Uber launches subscription service priced at $14.99 a month
Paying a monthly subscription to Uber, for a service called Ride-Pass, could save on average 15 per cent as it prevents surging prices caused by traffic, weather and popularity.
Uber has introduced a monthly subscription service to its users.
In Denver, Austin, Orlando and Miami the service will cost $14.99 a month. To use the service in Los Angeles it will cost $24.99 a month, however, this charge is expected to include e-bikes and scooters too.
The service, called ‘Ride-Pass’, is estimated to save individuals up to 15 per cent on their overall monthly travel, as it prevents the surge in prices during peak times. According to The Verge, passengers can track their savings via the Uber app.
There is no limit to the number of rides passengers can take each month as part of their subscription, and it can be cancelled at any time. The user will not be refunded if they cancel part-way through a month.

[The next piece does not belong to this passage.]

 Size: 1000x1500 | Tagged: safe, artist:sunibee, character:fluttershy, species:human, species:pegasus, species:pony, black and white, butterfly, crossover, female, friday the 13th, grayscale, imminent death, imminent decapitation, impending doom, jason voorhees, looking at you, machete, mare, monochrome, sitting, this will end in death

The subscription auto-renews, so remembering to repurchase the pass every month is not necessary.
Dan Bilen, Product Manager at Uber, said: “We’re really keen to make sure this is priced to the point where people can buy the pass [and] not have to think too much about it. The vision for Ride-Pass is it makes Uber a budgeted line-item for riders.”
The Business Insider claimed that “an Uber representative said driver compensation won’t be affected by the service, as drivers will earn the same rate they would driving a passenger who does not subscribe to Ride-Pass”.
Similar to Uber’s new scheme, Lyft launched a service called the All-Access Plan in October 2018. This service will cost $299 a month and allows users 30 rides within that time. Moreover, the service only covers journeys that cost up to $15 each, if a ride costs more than $15, the passenger must pay the difference.
Manik Gupta, Head of Product at Uber, said: “There are various different mechanisms with respect to how we think about the economics of this. This is a unique structure that really meets the needs of our customers. That’s our focus right now. Over time, as we have more riders using our platform, all the rest will follow.”